### Your task
Exact reproduction of all the entries is required, without any of their pictures.

### Listed entries
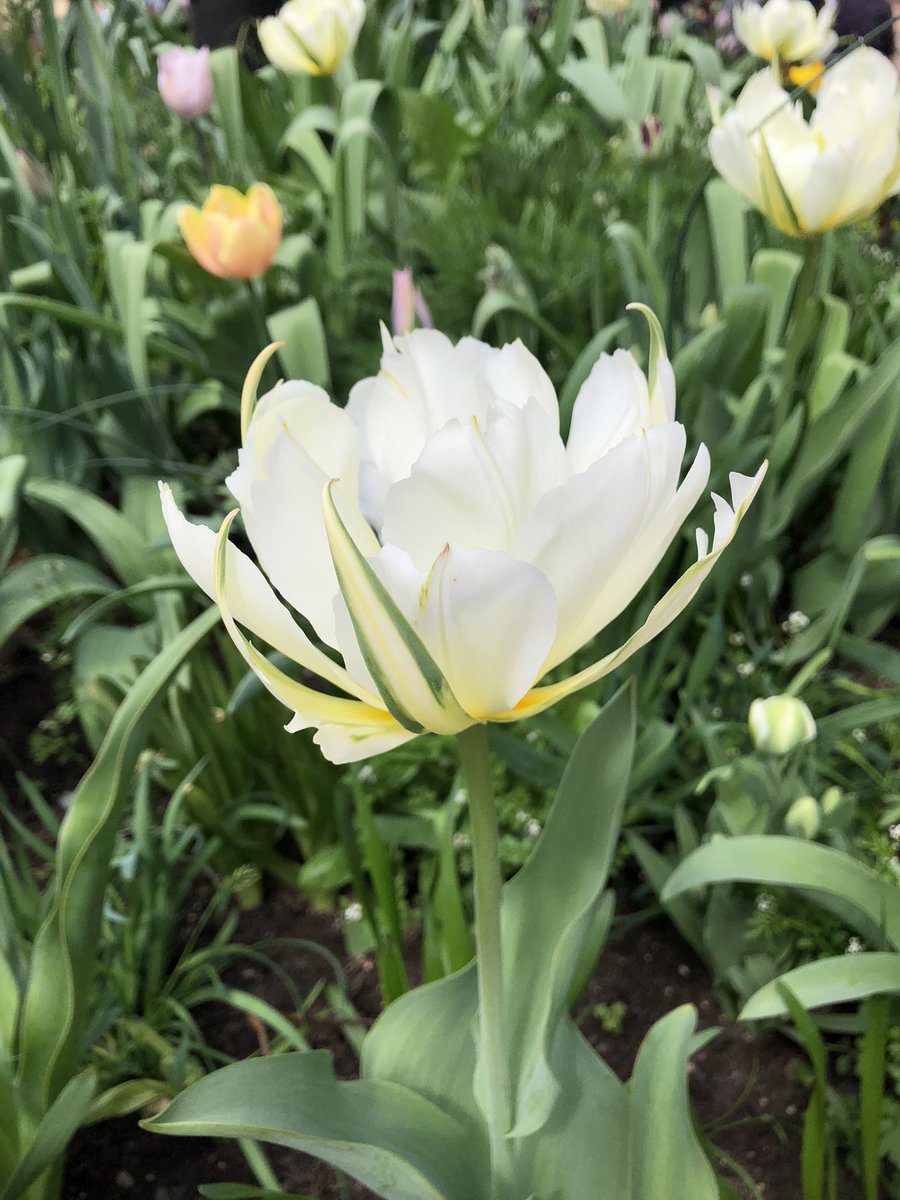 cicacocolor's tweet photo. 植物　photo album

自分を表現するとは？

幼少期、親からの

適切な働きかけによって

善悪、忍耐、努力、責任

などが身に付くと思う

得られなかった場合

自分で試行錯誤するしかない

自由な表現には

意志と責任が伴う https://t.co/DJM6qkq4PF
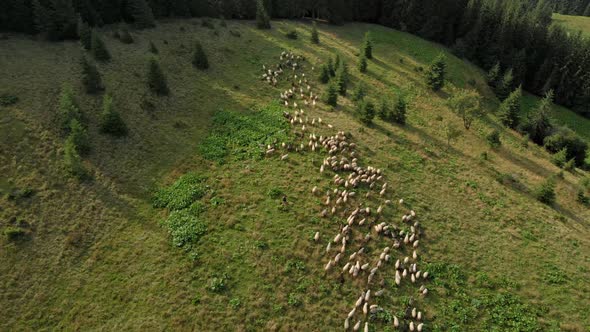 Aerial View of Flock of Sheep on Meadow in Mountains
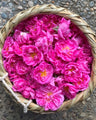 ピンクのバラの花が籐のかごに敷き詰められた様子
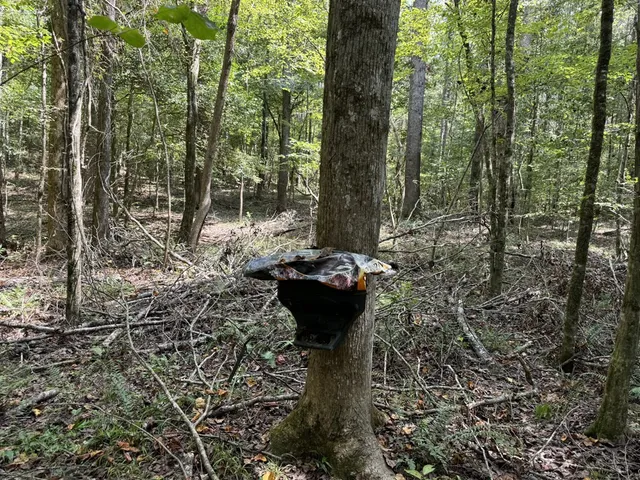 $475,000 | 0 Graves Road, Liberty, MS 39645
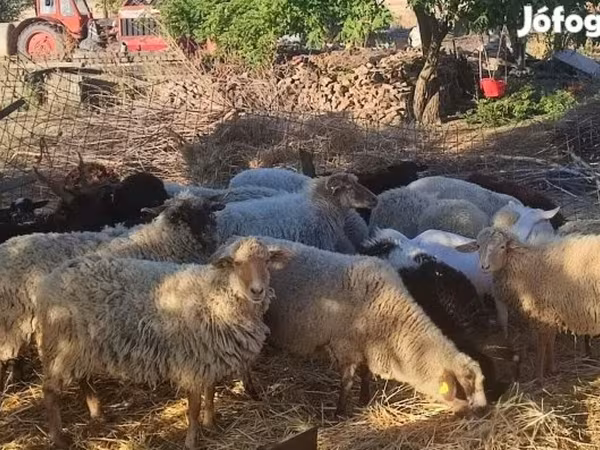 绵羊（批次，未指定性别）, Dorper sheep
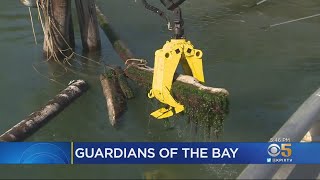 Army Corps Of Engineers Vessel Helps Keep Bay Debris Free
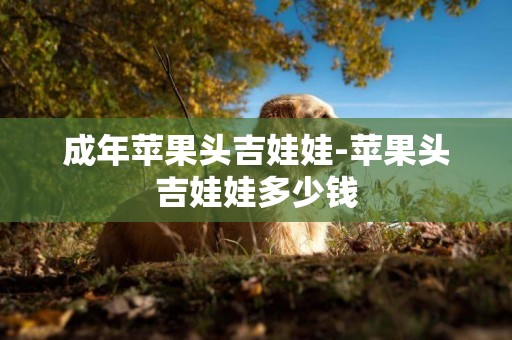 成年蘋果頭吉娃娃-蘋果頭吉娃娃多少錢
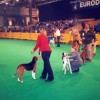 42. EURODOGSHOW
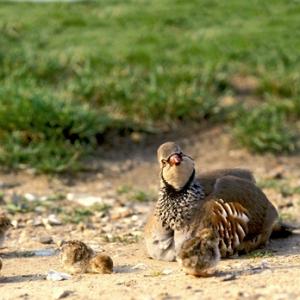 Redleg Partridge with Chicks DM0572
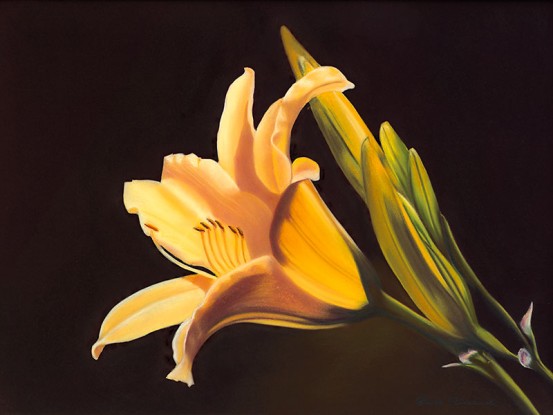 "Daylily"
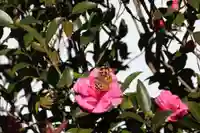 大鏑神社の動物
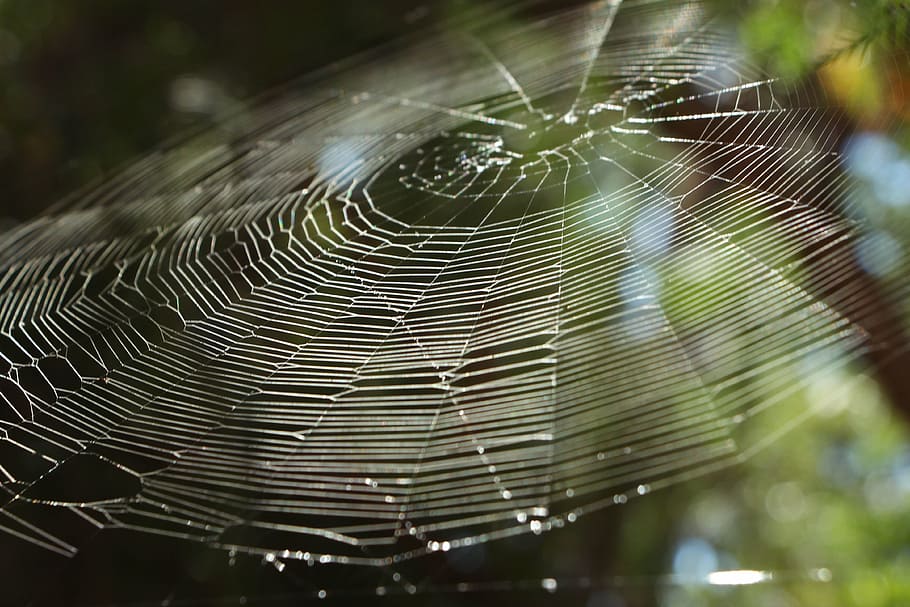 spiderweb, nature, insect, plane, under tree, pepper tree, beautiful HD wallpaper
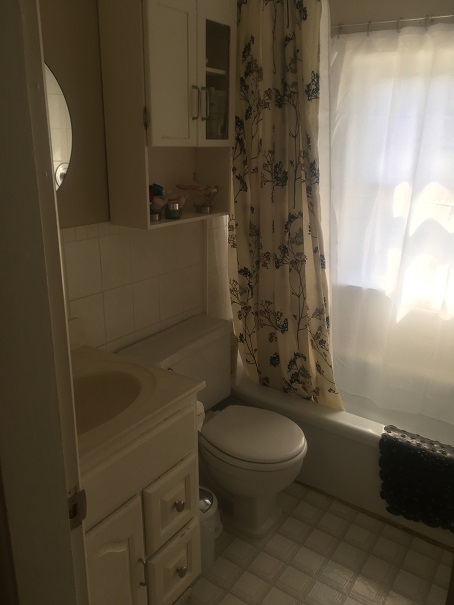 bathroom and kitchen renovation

### Result
 cicacocolor's tweet photo. 植物　photo album

自分を表現するとは？

幼少期、親からの

適切な働きかけによって

善悪、忍耐、努力、責任

などが身に付くと思う

得られなかった場合

自分で試行錯誤するしかない

自由な表現には

意志と責任が伴う https://t.co/DJM6qkq4PF
 Aerial View of Flock of Sheep on Meadow in Mountains
 ピンクのバラの花が籐のかごに敷き詰められた様子
 $475,000 | 0 Graves Road, Liberty, MS 39645
 绵羊（批次，未指定性别）, Dorper sheep
 Army Corps Of Engineers Vessel Helps Keep Bay Debris Free
 成年蘋果頭吉娃娃-蘋果頭吉娃娃多少錢
 42. EURODOGSHOW
 Redleg Partridge with Chicks DM0572
 "Daylily"
 大鏑神社の動物
 spiderweb, nature, insect, plane, under tree, pepper tree, beautiful HD wallpaper
 bathroom and kitchen renovation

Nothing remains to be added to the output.